We already know how much Steve likes the use of "freedom from"...

"We have created for the first time in all history a garden of pure ideology, where each worker may bloom, secure from the pests of any contradictory true thoughts."

Yes, Steve, save us.


As opposed to your garden of pure hyperbole.


Since that quote is straight from the 1984 commercial, I guess I am learning from the master of hyperbole and reality distortion himself.


I suppose you think that "freedom from freedom[1]" is a type of freedom?

[1] This instance of the word "freedom" means "not being restricted or forced"


Look, I'm a fan of freedom in the sense that you wish the word was used in. I just recognize that there are other common meanings to the word, and that if Steve would like to use one of them, he should...how you say...be free to do so.

I remember when my son went through a similar phase where he fell in love with the "one, true meaning" of various words, and the endless circular debates I enjoyed coming out of it. Good times. But even he, at a tender young age, learned that your freedoms and my freedoms can come in conflict with each other — that a utopia of everybody being infinitely free was not possible to realize.
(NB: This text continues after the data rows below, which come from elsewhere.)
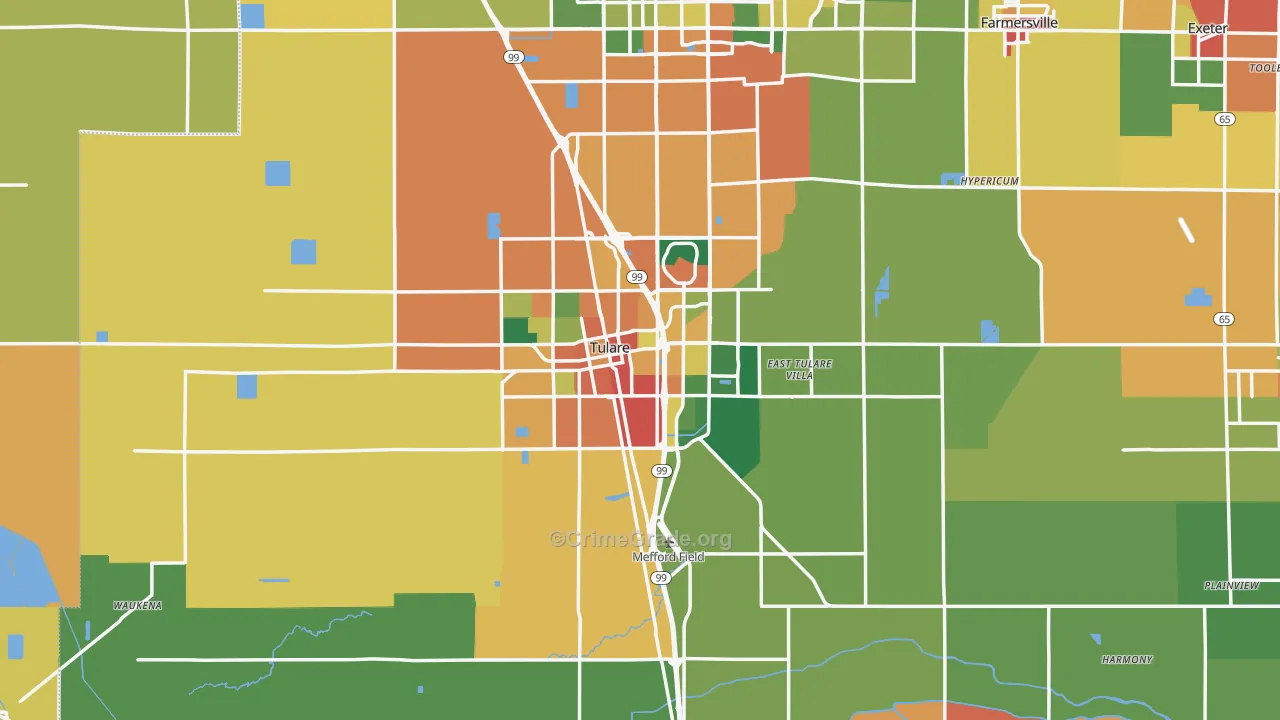 Tulare, CA Map of Assault Rates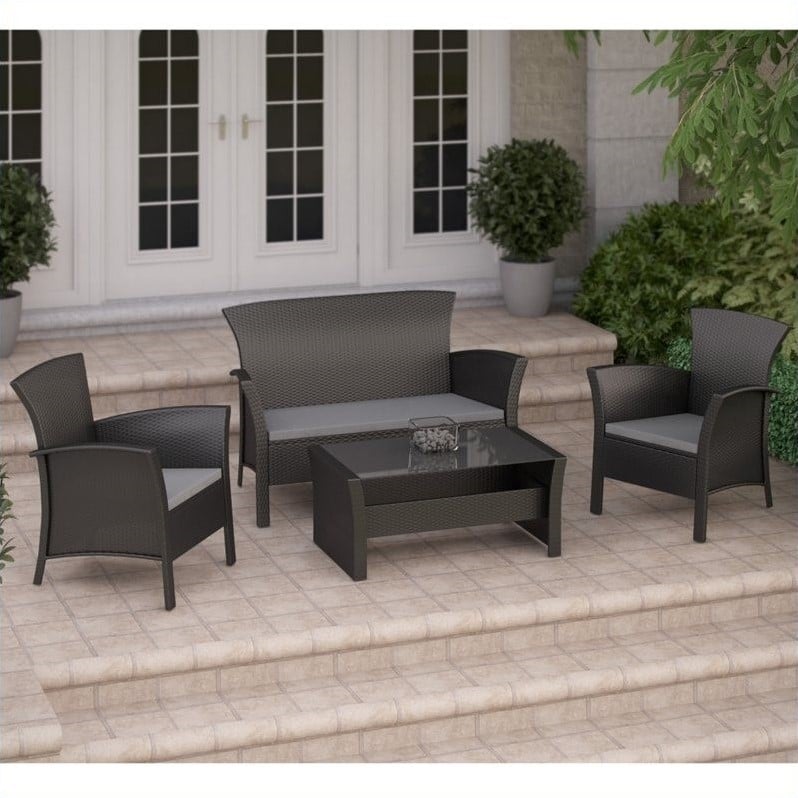 Corliving Cascade 4 Pc Patio Set In Black Rope Weave Pcs 506 K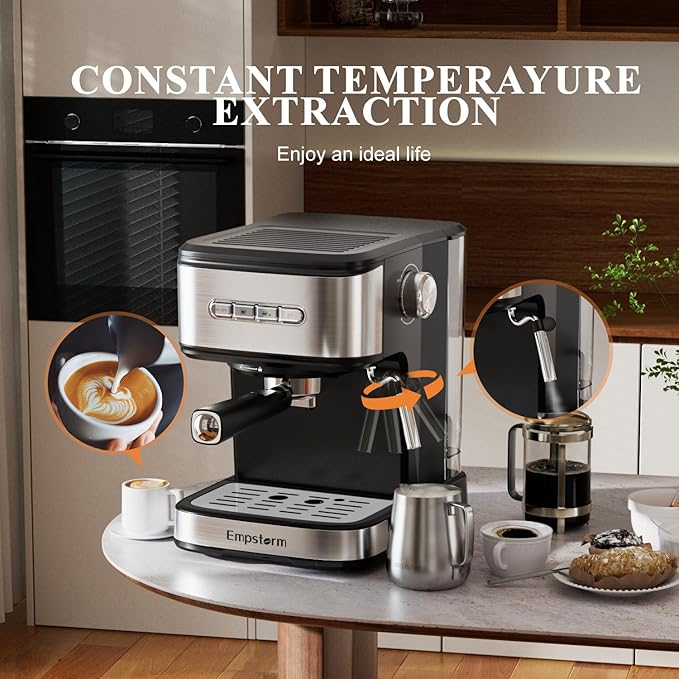 Empstorm 20 Bar Espresso Machine, Cappuccino Machines with Milk Frother Steam Wand, Latte Machine for Home&Barista, Automatic Shut-off Function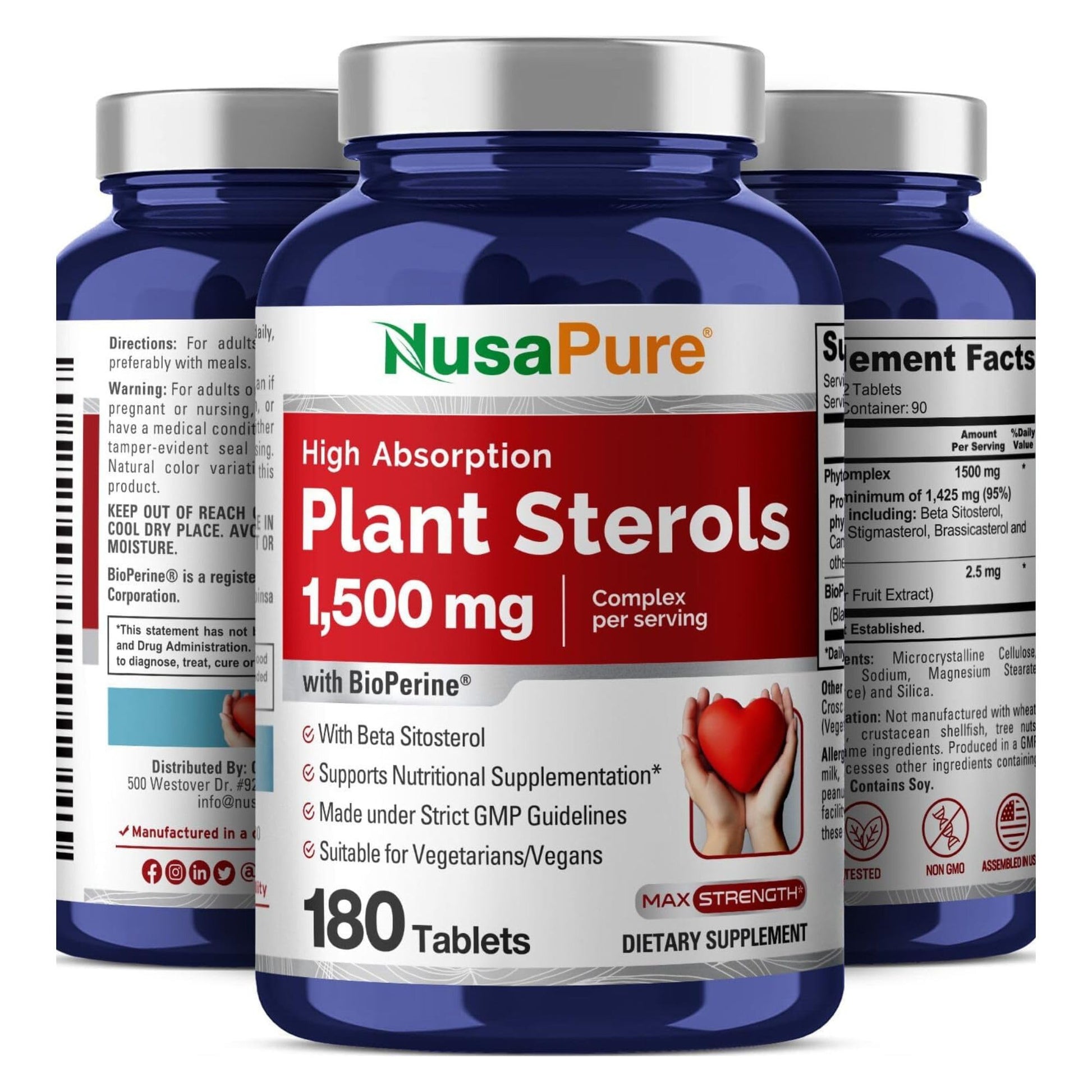 NusaPure Plant Sterols 1500 mg - 180 Tablets (Non-GMO, Vegan) Beta Sitosterol, Bioperine NusaPureAu supplements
I believe the common phrase used to resolve such cases is "your freedom to swing your fist ends at the tip of my nose".

Companies have a right to make design choices, set licensing terms, and decide what to stock in their stores (whether they be real or virtual). If you don't like their choices, you're free not to do business with them. If you don't want companies to have such freedoms, you and I will have to agree to disagree.


Do you guys realize there are books written about this? http://www.amazon.com/dp/0374158282


What is the simple and plain meaning of freedom?


Pasted from the dictionary:

> the power or right to act, speak, or think as one wants without hindrance or restraint

Or in my words "not being restricted or forced".


except right below that in the definition:

"The phrase "freedom from" can have as an object: fear, want, hunger, pain, disease, stress, depression, debt, poverty, necessity, violence, war, advertising, addiction, etc."